REQUIRED ACTION – Using the data below, reproduce exactly the lines from the line with "Platinum Goc-4000 Control" to the line with "Great Ideas on Natural Selection Cover Image", both included; pictures must be dropped.

TASK MATERIAL –
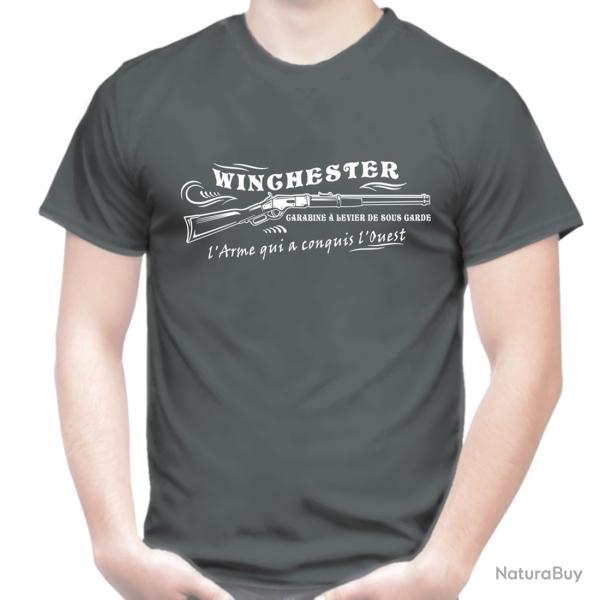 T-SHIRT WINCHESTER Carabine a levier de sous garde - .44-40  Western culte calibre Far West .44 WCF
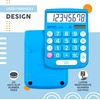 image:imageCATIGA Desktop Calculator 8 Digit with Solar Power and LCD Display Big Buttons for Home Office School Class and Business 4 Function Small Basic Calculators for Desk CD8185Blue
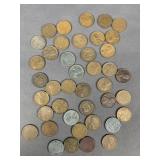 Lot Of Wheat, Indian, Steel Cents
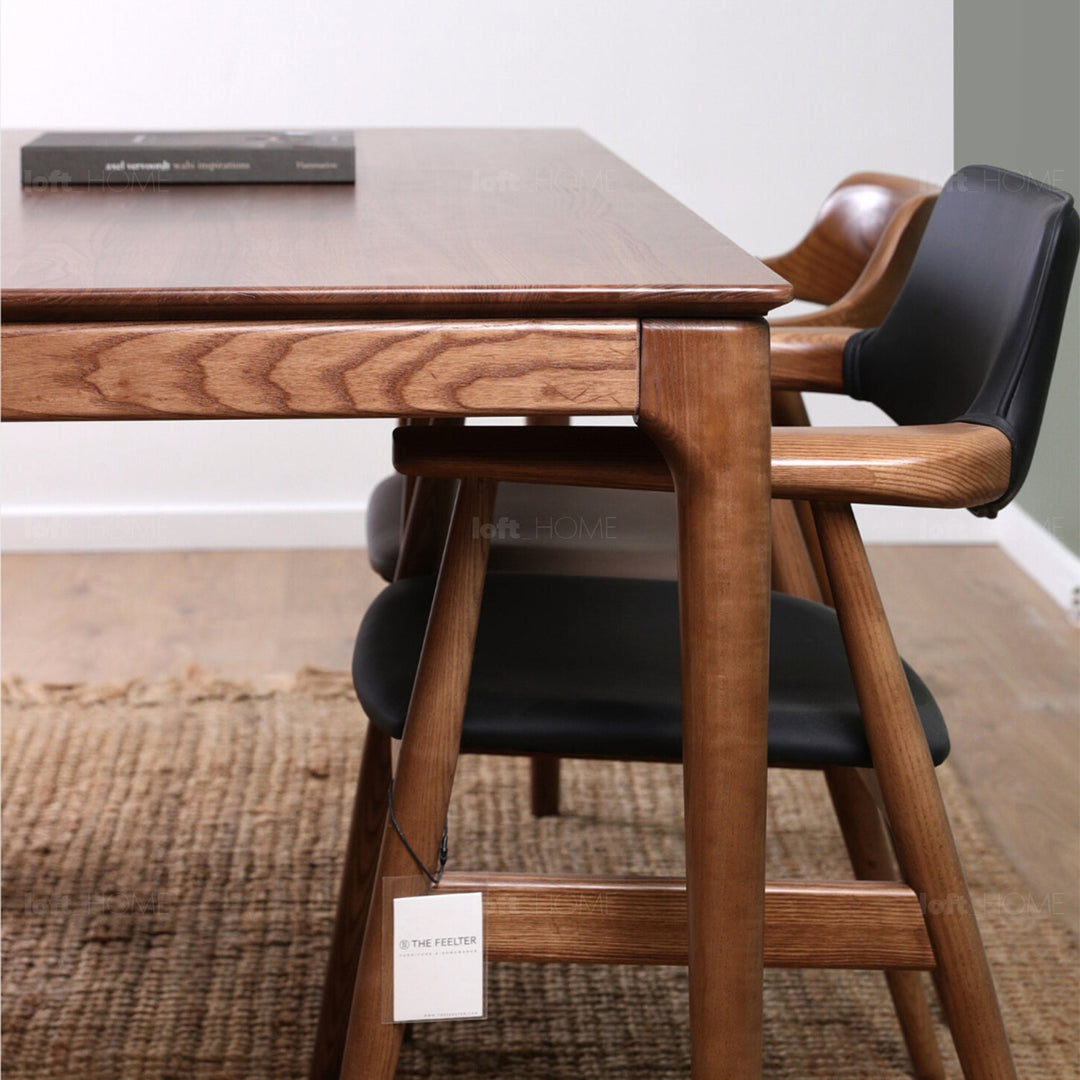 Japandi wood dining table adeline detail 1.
* * *
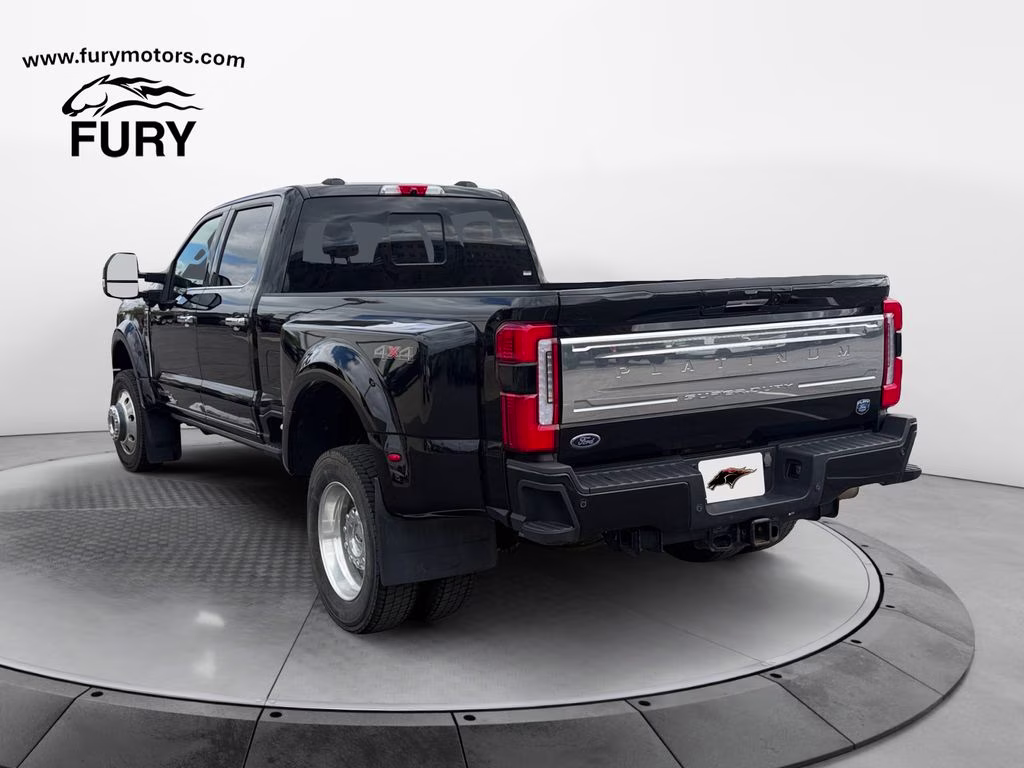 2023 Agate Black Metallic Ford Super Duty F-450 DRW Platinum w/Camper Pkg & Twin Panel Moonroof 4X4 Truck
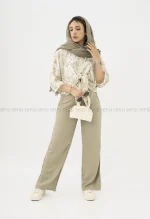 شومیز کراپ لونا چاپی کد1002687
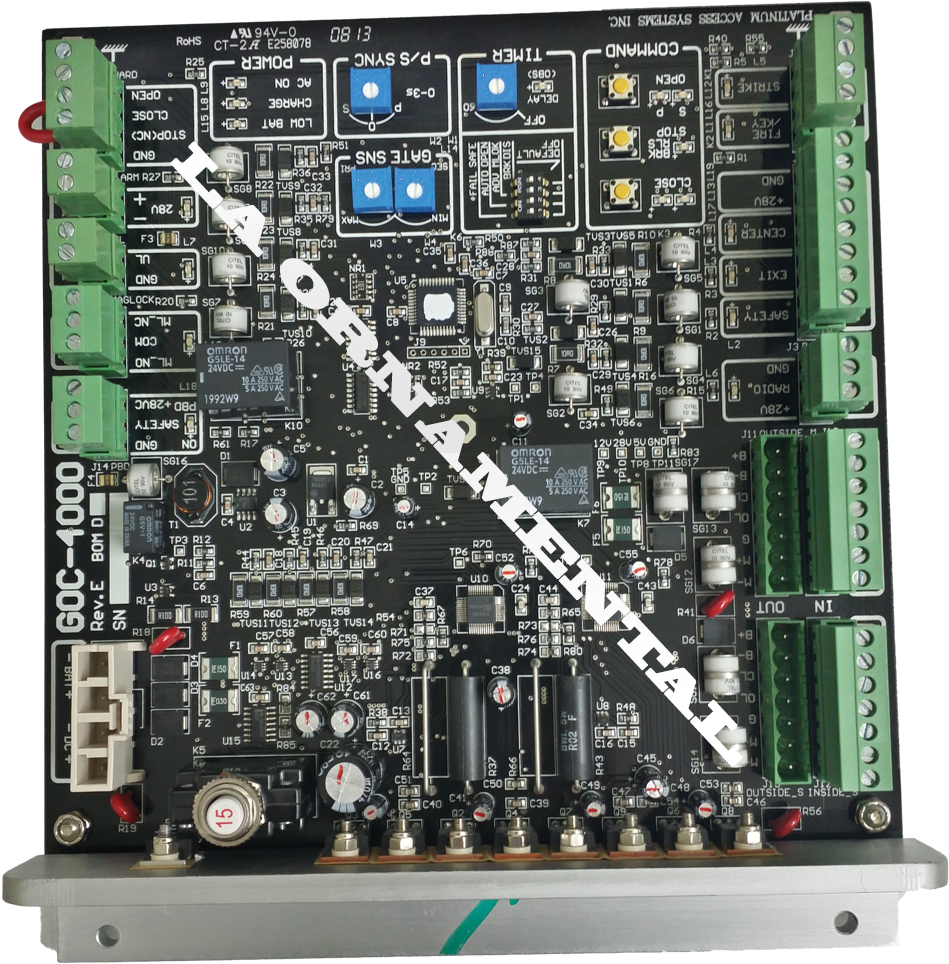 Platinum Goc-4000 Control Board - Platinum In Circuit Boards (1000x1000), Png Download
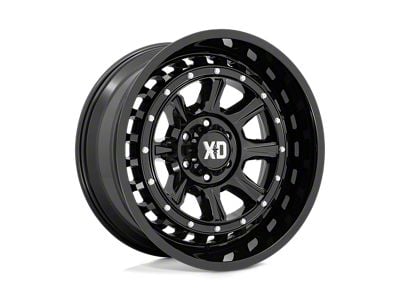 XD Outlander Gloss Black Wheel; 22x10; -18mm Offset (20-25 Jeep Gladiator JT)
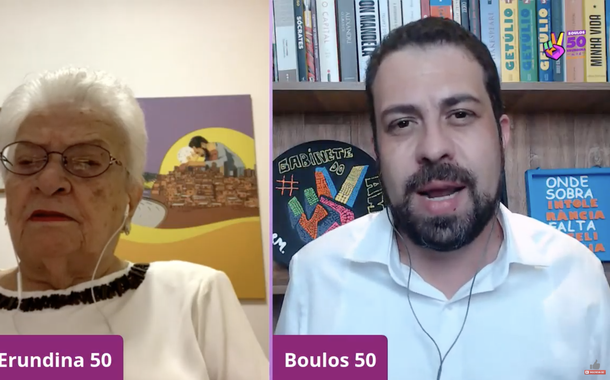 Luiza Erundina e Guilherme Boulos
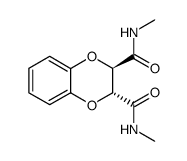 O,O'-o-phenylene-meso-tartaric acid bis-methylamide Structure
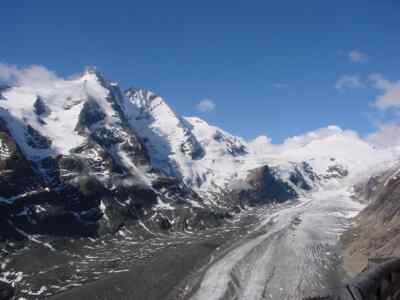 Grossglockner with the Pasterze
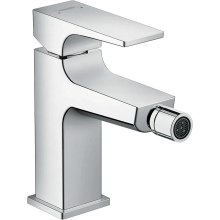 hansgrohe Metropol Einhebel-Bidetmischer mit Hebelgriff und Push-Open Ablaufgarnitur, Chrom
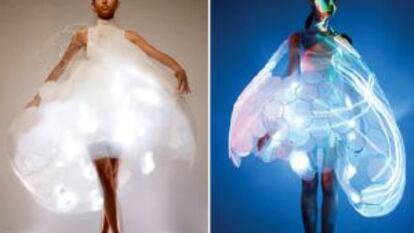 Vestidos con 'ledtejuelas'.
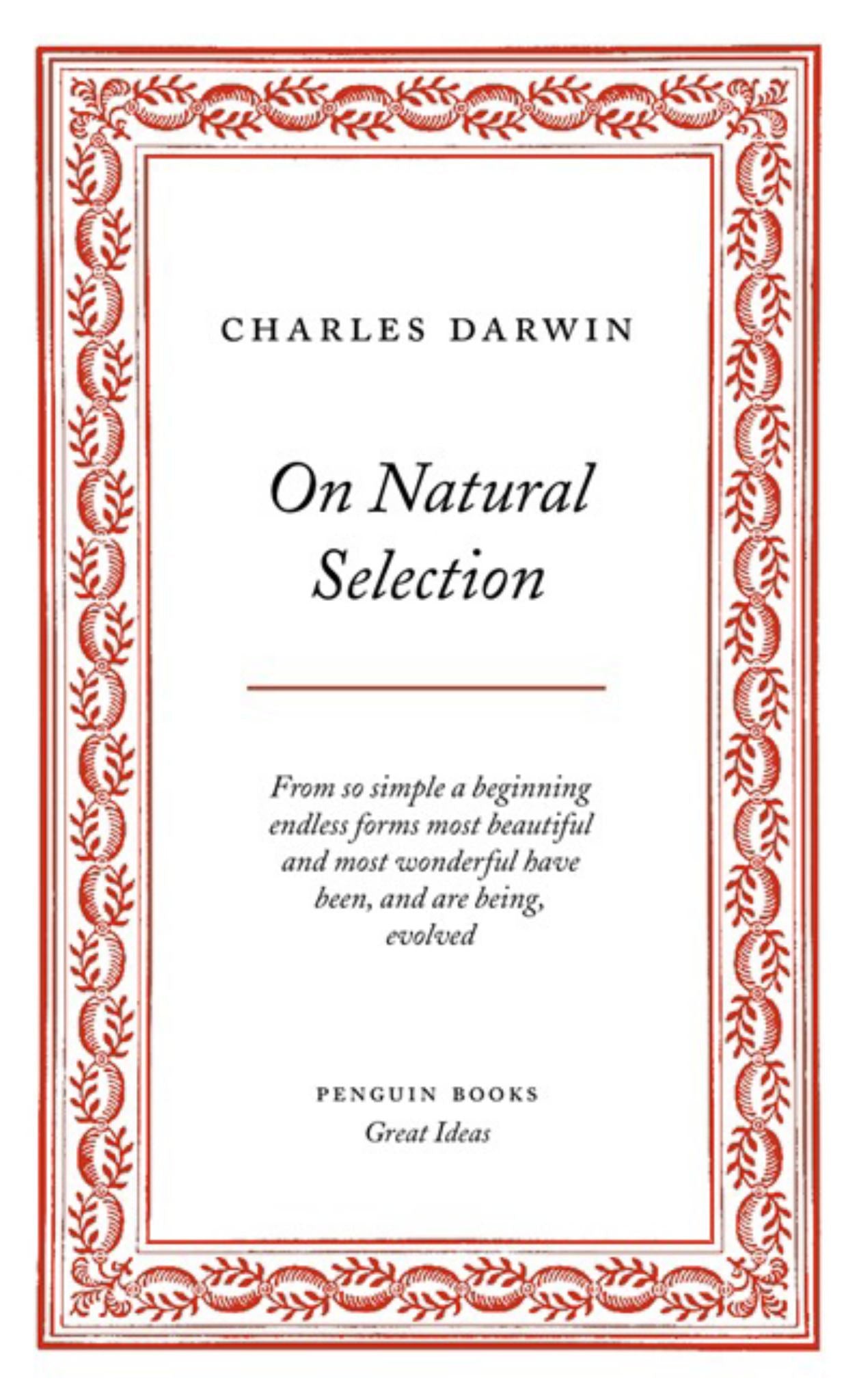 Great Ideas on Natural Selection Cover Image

RESULT OF THE EXERCISE –
 Platinum Goc-4000 Control Board - Platinum In Circuit Boards (1000x1000), Png Download
 XD Outlander Gloss Black Wheel; 22x10; -18mm Offset (20-25 Jeep Gladiator JT)
 Luiza Erundina e Guilherme Boulos
 O,O'-o-phenylene-meso-tartaric acid bis-methylamide Structure
 Grossglockner with the Pasterze
 hansgrohe Metropol Einhebel-Bidetmischer mit Hebelgriff und Push-Open Ablaufgarnitur, Chrom
 Vestidos con 'ledtejuelas'.
 Great Ideas on Natural Selection Cover Image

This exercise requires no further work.